On Mon, Nov 19, 2018 at 11:10 PM Brandon Denton <[email protected]>
wrote:

> Good evening.
>
> No. I'm trying to solve compressible navier-stokes in conservative form.
>
> dU/dt + (Ai + Bi)dU/dxi + d/dxi(cij*dU/dxj) = 0
>
> After taking the inner product of the weighting functions (W) and the
> residual, integrated over the domain and apply the divergence theorem, I
> get the integrand for the domain as
>
> W*(Ai + Bi)dU/dxi + dW/dxi*(cij*dU/dxj)
>
> With the surface integrand as
>
> -W*(cij*dU/dxj)
>
> To do the domain integral via quadrature, I would need dW/dxi at the
> quadrature point. I know I can get JxW and calculate all components of Ai,
> Bi, cij and dU/dxi using context.interior_value and
> context.interior_gradient (after proper reorganization).
>
> I just can't seem to figure out dW/dxi.
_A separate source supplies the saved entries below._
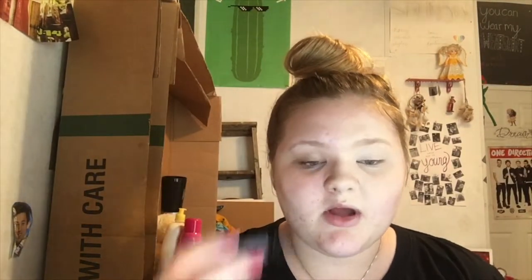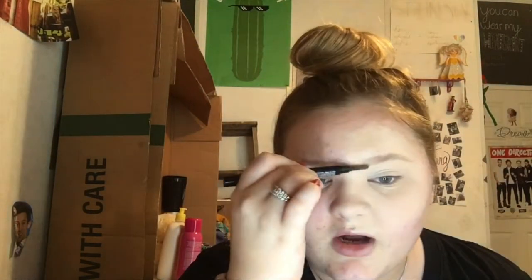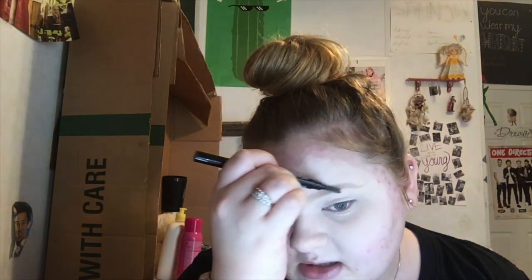I'm going to use my Wet n Wild Ultimate Brow Pencil in Taupe and brush my eyebrows. You guys already saw me do my eyebrows if you watched my Instagram Story video from last Thursday, but I'm doing them again anyway. So just brush them, take it, and I don't really care where I lay the color because I'm just going to carve them out in a second anyway.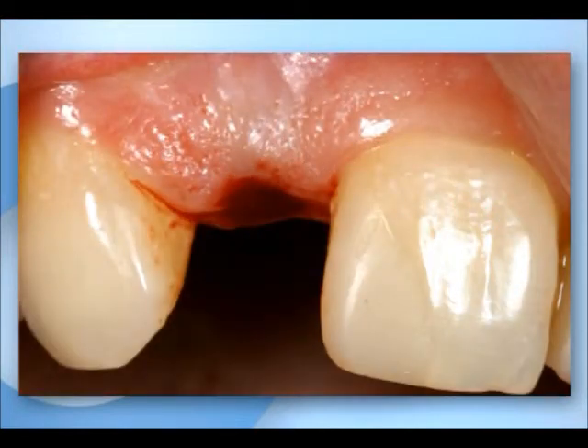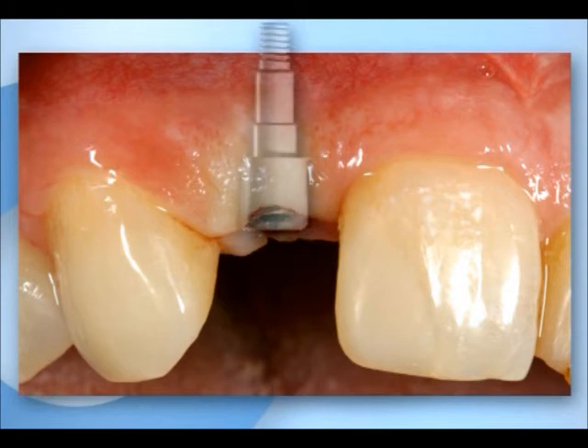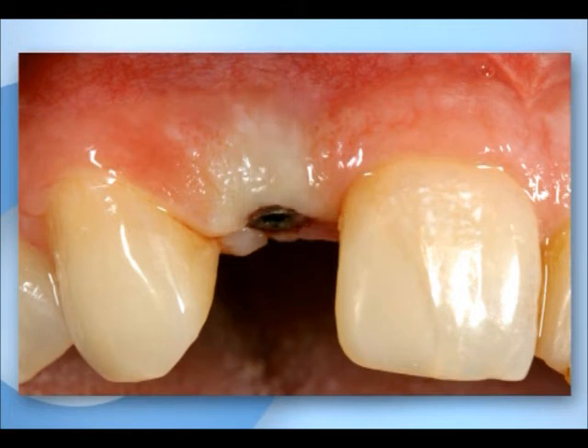How skillfully the implant is uncovered is important for the aesthetic success. A minimally invasive technique is used to reduce the trauma to the soft tissues during gingivectomy. The short cylindrical 2mm gingival former is replaced by a longer 4mm one of identical shape to predefine the emergence profile.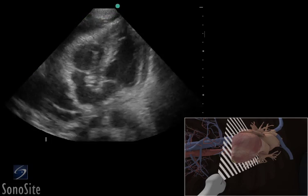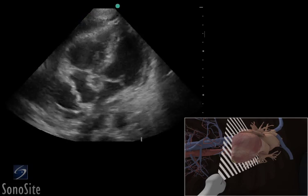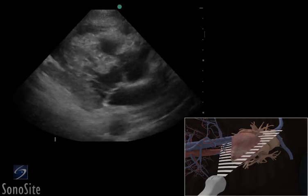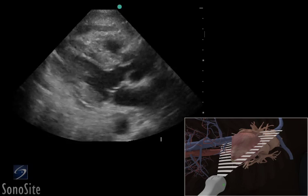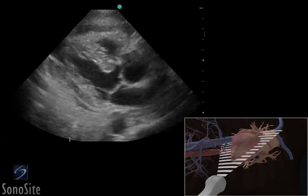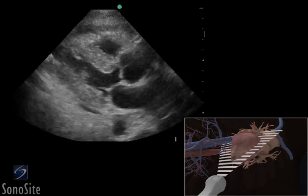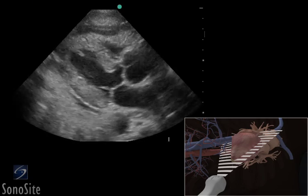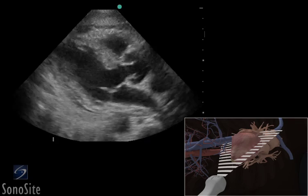For direct needle guidance using an in-plane technique, the transducer is rotated 90 degrees counterclockwise so the orientation marker is at the 12 o'clock position. This will create a view of the heart that is between the apical four-chamber and parasternal long axis views. Note the absence of the lung to ensure it is not in the needle path.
Since I still need the geometric
> jacobian J, I was wondering if JxdW/dxi was available or some way I could
> calculate it.
>

The "W" in your context is a test function while the W in "JxW" is the
quadrature weight.

The FE::get_phi() and FE::get_dphi() functions provide access to the test
function values and shape derivatives, respectively. Have a look at the
various examples and you should be able to figure out what's going on.